Task brief: In the records below, find the line with "Creamy green goddess", then retype it and every following line exactly, stopping after the line with "The entrance to". Leave the pictures out.

Recorded data:
»»

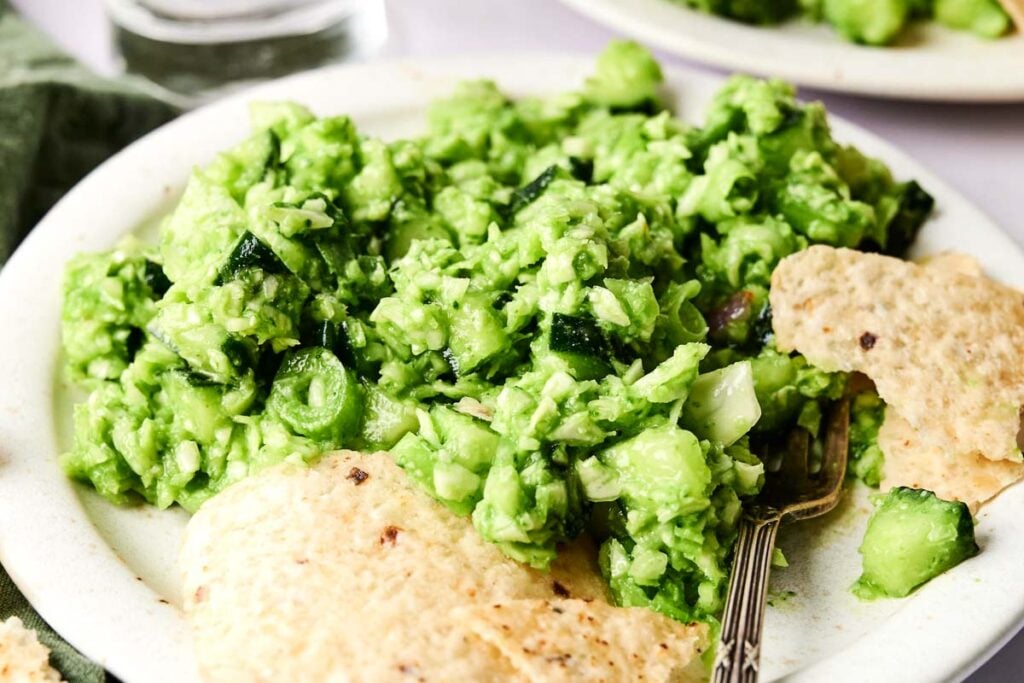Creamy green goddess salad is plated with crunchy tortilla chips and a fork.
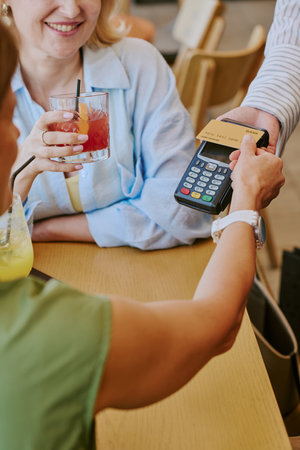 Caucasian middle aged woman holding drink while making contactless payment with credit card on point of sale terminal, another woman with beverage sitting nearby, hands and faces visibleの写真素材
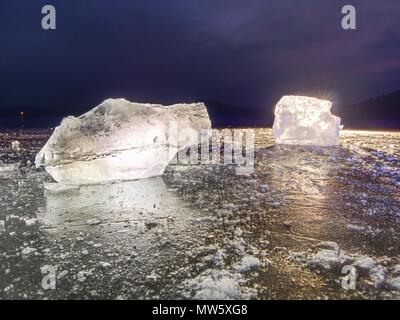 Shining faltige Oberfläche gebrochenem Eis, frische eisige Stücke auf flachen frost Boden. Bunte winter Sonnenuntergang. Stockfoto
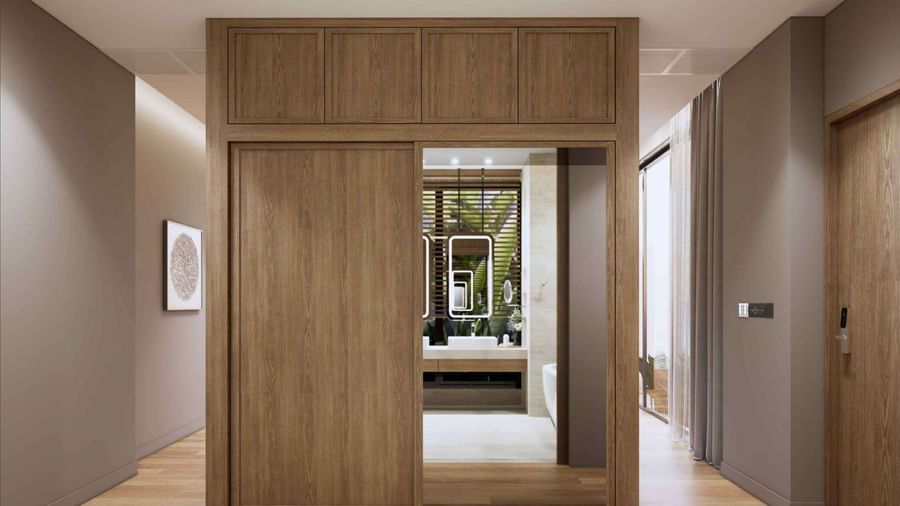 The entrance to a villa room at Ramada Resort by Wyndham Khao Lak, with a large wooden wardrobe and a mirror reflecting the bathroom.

««
»»

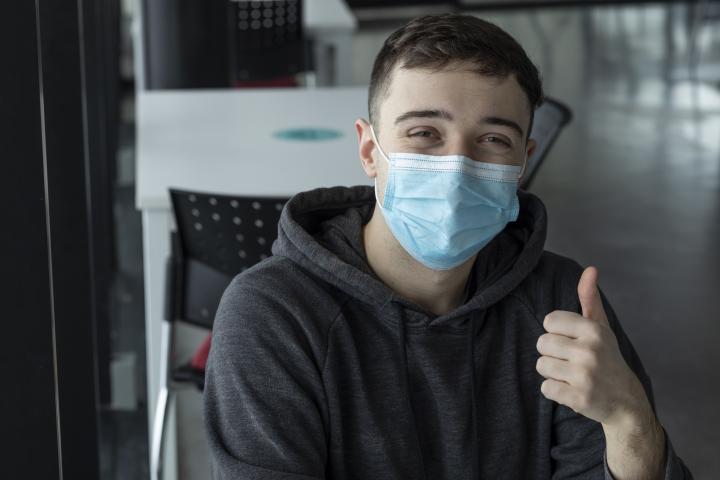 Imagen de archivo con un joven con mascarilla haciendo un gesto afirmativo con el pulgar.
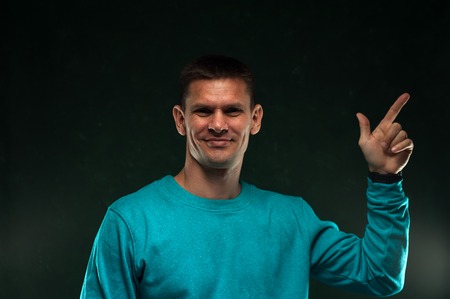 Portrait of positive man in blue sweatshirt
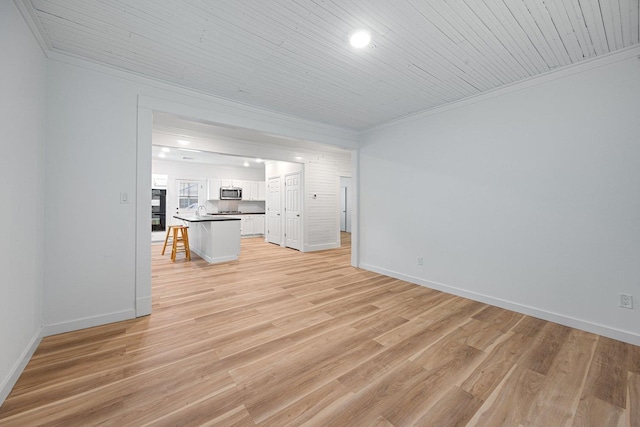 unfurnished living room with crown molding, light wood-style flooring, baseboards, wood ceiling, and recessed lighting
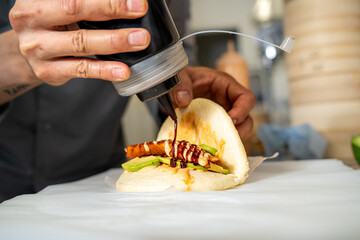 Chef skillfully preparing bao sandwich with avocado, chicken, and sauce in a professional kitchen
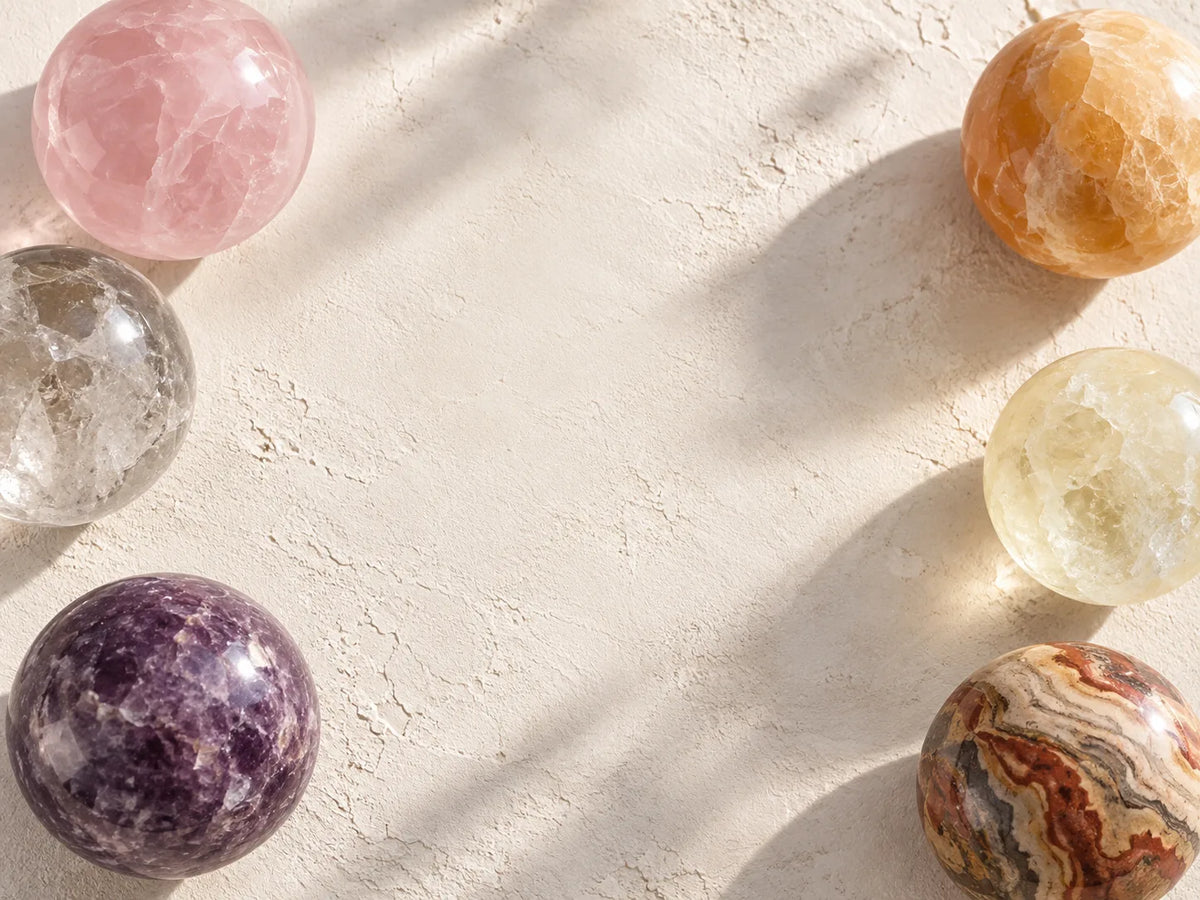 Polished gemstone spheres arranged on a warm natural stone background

««

Reply:
Creamy green goddess salad is plated with crunchy tortilla chips and a fork.
 Caucasian middle aged woman holding drink while making contactless payment with credit card on point of sale terminal, another woman with beverage sitting nearby, hands and faces visibleの写真素材
 Shining faltige Oberfläche gebrochenem Eis, frische eisige Stücke auf flachen frost Boden. Bunte winter Sonnenuntergang. Stockfoto
 The entrance to a villa room at Ramada Resort by Wyndham Khao Lak, with a large wooden wardrobe and a mirror reflecting the bathroom.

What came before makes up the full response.